Nirgendswo Lagerplätze auf den Ufervorsprüngen, nirgends eine mit Palmblättern oder Gras gedeckte Hütte, nirgends auch nur eine Rauchwolke, die auf die Nähe von Indianern schließen ließ. Auf einem Abhang lag im Gebüsch eine Boa, eine Verwandte der Pythonschlange der alten Welt, in graziösen Ringen aufgerollt und mit dem Verzehren eines kleinen Nagetiers, des Aguti, beschäftigt. In dem mit Wurzeln durchzogenen Ufermorast wühlten einige Wasserschweine, und unter einem Gewölbe stachlichter Büsche lauerte ihr ärgster Feind, der Jaguar, dessen Augen gleich feurigen Kugeln glühten.

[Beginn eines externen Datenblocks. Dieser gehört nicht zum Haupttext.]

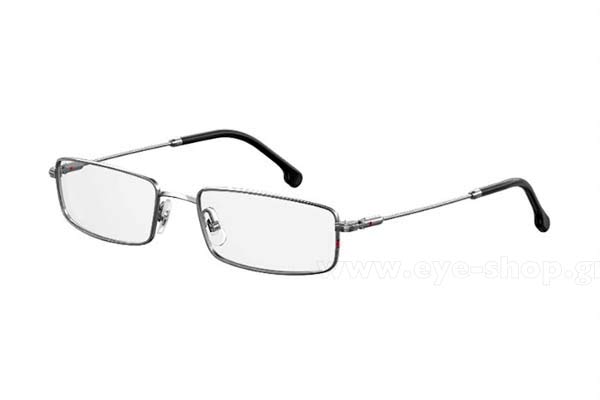 Eyeglasses Carrera CARRERA 177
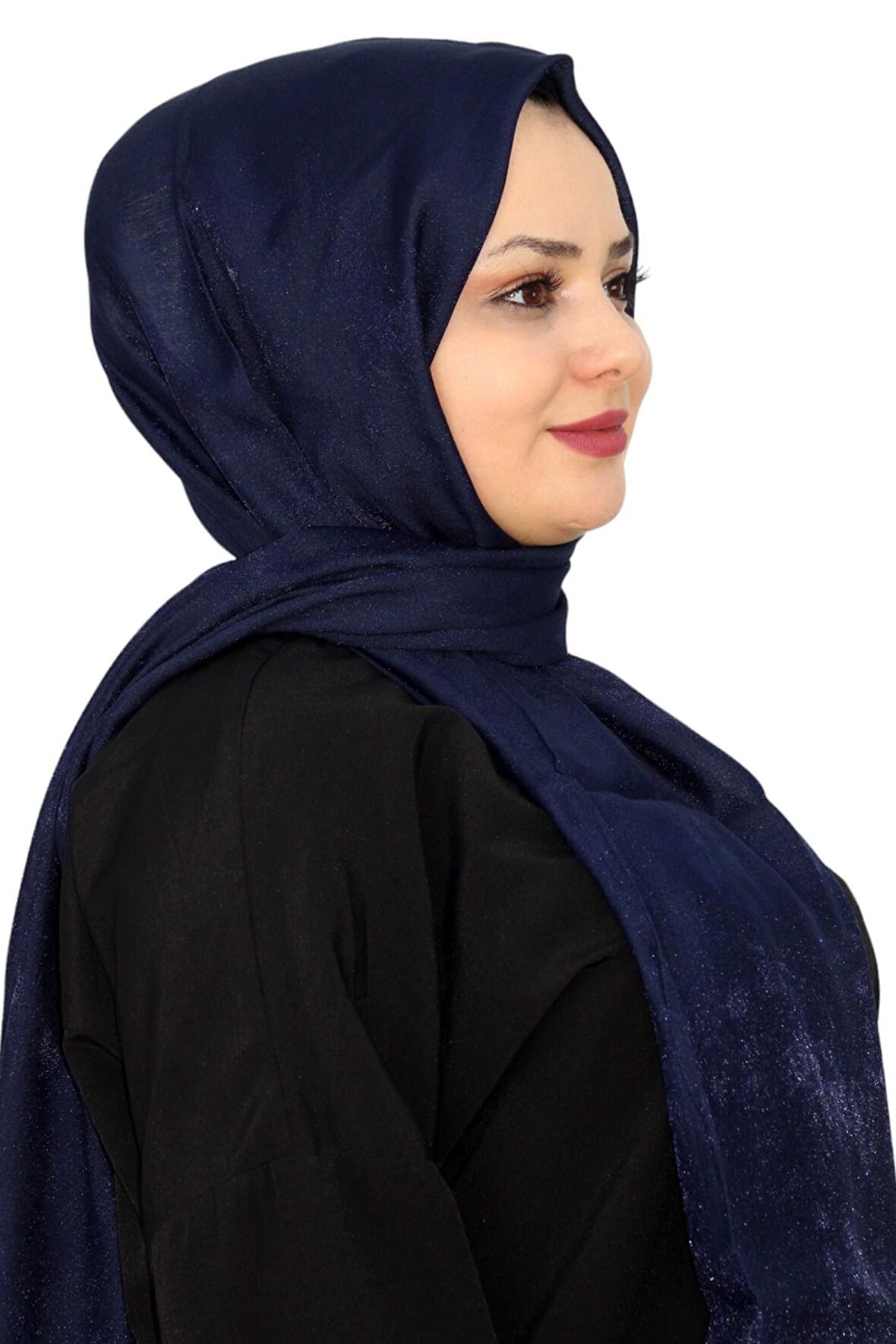 Emproyal Sultan Şal EŞ5143-28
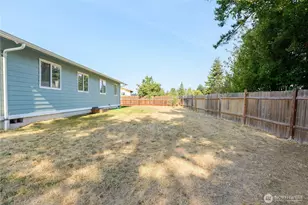 2419 Arbutus Ln, Port Angeles, WA 98363 - Photo 35
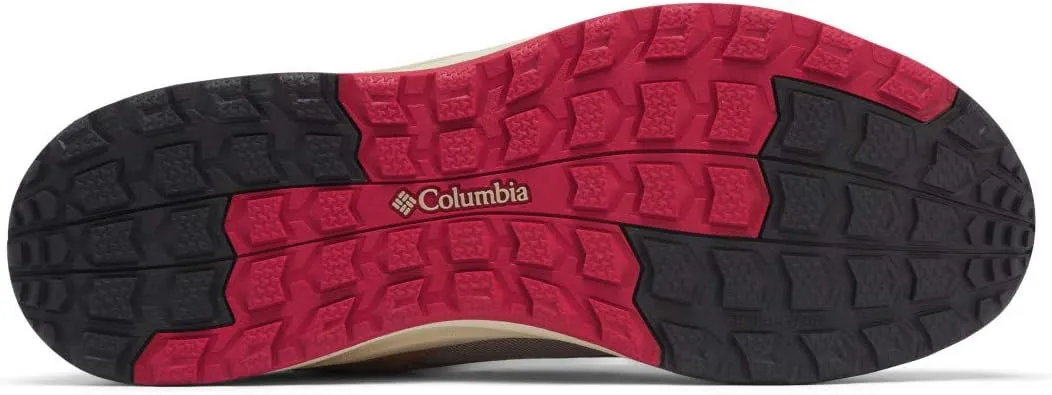 Columbia Men's Pivot Shoe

Schließlich hellte es sich an den Ufern auf. In den lichteren Säulengängen des Waldes zeigten sich Hütten, zwischen denen erschrockene Indianer hin und her liefen. Orellana ging nun mit seinen Leuten an Land, und nachdem er die Wilden beruhigt hatte, ließ er sich einige Zeit bei ihnen nieder, um soviel Lebensmittel herbeizuschaffen, wie nur aufzutreiben waren. In zehn Tagen, versicherten die Indianer, werde er im Süden ein großes Wasser erreichen, und Orellana vermutete sogleich, daß dies der Fluß sei, dessen Mündung Pinzon entdeckt hatte.

Lebensmittel waren nun gefunden. Aber wenn Pizarro und seine Schar auf Orellana gewartet hatten, mußten sie längst vor Hunger umgekommen sein, und gegen die Strömung des Napoflusses anzurudern, war mit diesem Fahrzeug ausgeschlossen. Lieber also weiterfahren! Vielleicht glückte es, den Atlantischen Ozean zu erreichen. Die übrigen Ausreißer hatten gegen den Vorschlag ihres Anführers nichts einzuwenden, denn sie fühlten sich in der Niederlassung der Indianer recht behaglich. Ein größeres Segelschiff wurde nun gebaut, aus den Lianen des Waldes drehte die Mannschaft Kabel und Taue, und aus den Grasmänteln der Einwohner wurden Segel zusammengenäht.

Da Orellana nicht zurückkehrte, glaubte Pizarro, er sei das Opfer feindlicher Stämme geworden, und beschloß daher, wieder nach Quito umzukehren. Was noch lebte, nährte sich von dem Fleisch der Pferde, verspeiste dann Hunde und Kriechtiere und schließlich Wurzeln und Leder. Nach ungeheuren Entbehrungen langte Pizarro wirklich wieder in Quito an, aber seine Begleitung bestand nur noch aus achtzig Mann! Viertausend Indianer und zweihundert Weiße waren auf dem Marsche umgekommen! –

Orellana befrachtete unterdes seine beiden Schiffe mit Lebensmitteln, bemannte das größere mit dreißig, das kleinere mit zwanzig seiner Leute und setzte seine Fahrt fort, die mit einem Schlag das gewaltige Flußsystem des tropischen Südamerika entwirren sollte! Um ihn her dehnte sich das größte tropische Tiefland der Erde aus, und vor ihm lag der wasserreichste Strom der Erde. Er sah nichts anderes als Wasser und Wald, er besaß keine andere Ausrüstung als die, die ihm die Ufer des Napoflusses boten, und obendrein hatte sich die Unternehmungslust seiner unwissenden Mannschaft sehr bald in heftiges Murren über die lange gefährliche Reise umgewandelt.